Stored data entries

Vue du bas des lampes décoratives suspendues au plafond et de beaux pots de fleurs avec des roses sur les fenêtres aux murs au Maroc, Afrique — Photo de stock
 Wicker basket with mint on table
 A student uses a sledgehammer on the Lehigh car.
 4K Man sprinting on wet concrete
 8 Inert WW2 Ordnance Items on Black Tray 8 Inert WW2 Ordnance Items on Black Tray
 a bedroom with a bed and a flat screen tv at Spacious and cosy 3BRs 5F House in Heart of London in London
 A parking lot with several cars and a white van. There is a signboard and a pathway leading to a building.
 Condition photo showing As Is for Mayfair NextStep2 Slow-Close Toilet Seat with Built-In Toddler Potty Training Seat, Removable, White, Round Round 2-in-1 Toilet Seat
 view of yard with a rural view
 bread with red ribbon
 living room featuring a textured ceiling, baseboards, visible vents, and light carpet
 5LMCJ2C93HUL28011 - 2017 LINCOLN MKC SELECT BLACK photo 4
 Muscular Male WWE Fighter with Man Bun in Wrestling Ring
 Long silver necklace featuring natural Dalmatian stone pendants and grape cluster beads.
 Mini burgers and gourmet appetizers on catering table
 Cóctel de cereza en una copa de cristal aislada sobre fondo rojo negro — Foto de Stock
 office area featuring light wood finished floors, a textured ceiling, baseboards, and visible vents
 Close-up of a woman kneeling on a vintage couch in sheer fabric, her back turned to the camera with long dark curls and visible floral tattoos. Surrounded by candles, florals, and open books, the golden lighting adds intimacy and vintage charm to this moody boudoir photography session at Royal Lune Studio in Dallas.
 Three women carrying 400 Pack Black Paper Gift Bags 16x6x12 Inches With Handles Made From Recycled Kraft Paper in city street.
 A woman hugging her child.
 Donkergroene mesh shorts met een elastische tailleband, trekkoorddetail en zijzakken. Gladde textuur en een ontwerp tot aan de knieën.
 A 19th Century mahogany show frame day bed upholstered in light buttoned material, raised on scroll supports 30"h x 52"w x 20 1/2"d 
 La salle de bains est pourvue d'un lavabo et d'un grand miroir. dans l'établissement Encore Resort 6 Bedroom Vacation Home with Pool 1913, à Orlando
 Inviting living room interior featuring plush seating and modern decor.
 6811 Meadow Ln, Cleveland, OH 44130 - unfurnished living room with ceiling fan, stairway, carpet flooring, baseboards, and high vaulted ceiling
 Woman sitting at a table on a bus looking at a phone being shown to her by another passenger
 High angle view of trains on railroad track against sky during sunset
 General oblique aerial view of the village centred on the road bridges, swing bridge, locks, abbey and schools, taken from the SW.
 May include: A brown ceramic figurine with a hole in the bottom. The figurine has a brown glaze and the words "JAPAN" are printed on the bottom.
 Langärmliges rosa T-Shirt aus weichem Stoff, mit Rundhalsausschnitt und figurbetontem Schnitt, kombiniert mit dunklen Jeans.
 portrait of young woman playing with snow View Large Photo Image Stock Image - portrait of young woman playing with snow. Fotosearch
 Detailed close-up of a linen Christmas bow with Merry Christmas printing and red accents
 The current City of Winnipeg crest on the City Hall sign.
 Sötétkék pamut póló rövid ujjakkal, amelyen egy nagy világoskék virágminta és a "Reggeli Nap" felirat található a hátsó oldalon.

**EXERCISE BRIEF**
Would you retype the records above without changing a word?

**ANSWER BELOW**
Vue du bas des lampes décoratives suspendues au plafond et de beaux pots de fleurs avec des roses sur les fenêtres aux murs au Maroc, Afrique — Photo de stock
 Wicker basket with mint on table
 A student uses a sledgehammer on the Lehigh car.
 4K Man sprinting on wet concrete
 8 Inert WW2 Ordnance Items on Black Tray 8 Inert WW2 Ordnance Items on Black Tray
 a bedroom with a bed and a flat screen tv at Spacious and cosy 3BRs 5F House in Heart of London in London
 A parking lot with several cars and a white van. There is a signboard and a pathway leading to a building.
 Condition photo showing As Is for Mayfair NextStep2 Slow-Close Toilet Seat with Built-In Toddler Potty Training Seat, Removable, White, Round Round 2-in-1 Toilet Seat
 view of yard with a rural view
 bread with red ribbon
 living room featuring a textured ceiling, baseboards, visible vents, and light carpet
 5LMCJ2C93HUL28011 - 2017 LINCOLN MKC SELECT BLACK photo 4
 Muscular Male WWE Fighter with Man Bun in Wrestling Ring
 Long silver necklace featuring natural Dalmatian stone pendants and grape cluster beads.
 Mini burgers and gourmet appetizers on catering table
 Cóctel de cereza en una copa de cristal aislada sobre fondo rojo negro — Foto de Stock
 office area featuring light wood finished floors, a textured ceiling, baseboards, and visible vents
 Close-up of a woman kneeling on a vintage couch in sheer fabric, her back turned to the camera with long dark curls and visible floral tattoos. Surrounded by candles, florals, and open books, the golden lighting adds intimacy and vintage charm to this moody boudoir photography session at Royal Lune Studio in Dallas.
 Three women carrying 400 Pack Black Paper Gift Bags 16x6x12 Inches With Handles Made From Recycled Kraft Paper in city street.
 A woman hugging her child.
 Donkergroene mesh shorts met een elastische tailleband, trekkoorddetail en zijzakken. Gladde textuur en een ontwerp tot aan de knieën.
 A 19th Century mahogany show frame day bed upholstered in light buttoned material, raised on scroll supports 30"h x 52"w x 20 1/2"d 
 La salle de bains est pourvue d'un lavabo et d'un grand miroir. dans l'établissement Encore Resort 6 Bedroom Vacation Home with Pool 1913, à Orlando
 Inviting living room interior featuring plush seating and modern decor.
 6811 Meadow Ln, Cleveland, OH 44130 - unfurnished living room with ceiling fan, stairway, carpet flooring, baseboards, and high vaulted ceiling
 Woman sitting at a table on a bus looking at a phone being shown to her by another passenger
 High angle view of trains on railroad track against sky during sunset
 General oblique aerial view of the village centred on the road bridges, swing bridge, locks, abbey and schools, taken from the SW.
 May include: A brown ceramic figurine with a hole in the bottom. The figurine has a brown glaze and the words "JAPAN" are printed on the bottom.
 Langärmliges rosa T-Shirt aus weichem Stoff, mit Rundhalsausschnitt und figurbetontem Schnitt, kombiniert mit dunklen Jeans.
 portrait of young woman playing with snow View Large Photo Image Stock Image - portrait of young woman playing with snow. Fotosearch
 Detailed close-up of a linen Christmas bow with Merry Christmas printing and red accents
 The current City of Winnipeg crest on the City Hall sign.
 Sötétkék pamut póló rövid ujjakkal, amelyen egy nagy világoskék virágminta és a "Reggeli Nap" felirat található a hátsó oldalon.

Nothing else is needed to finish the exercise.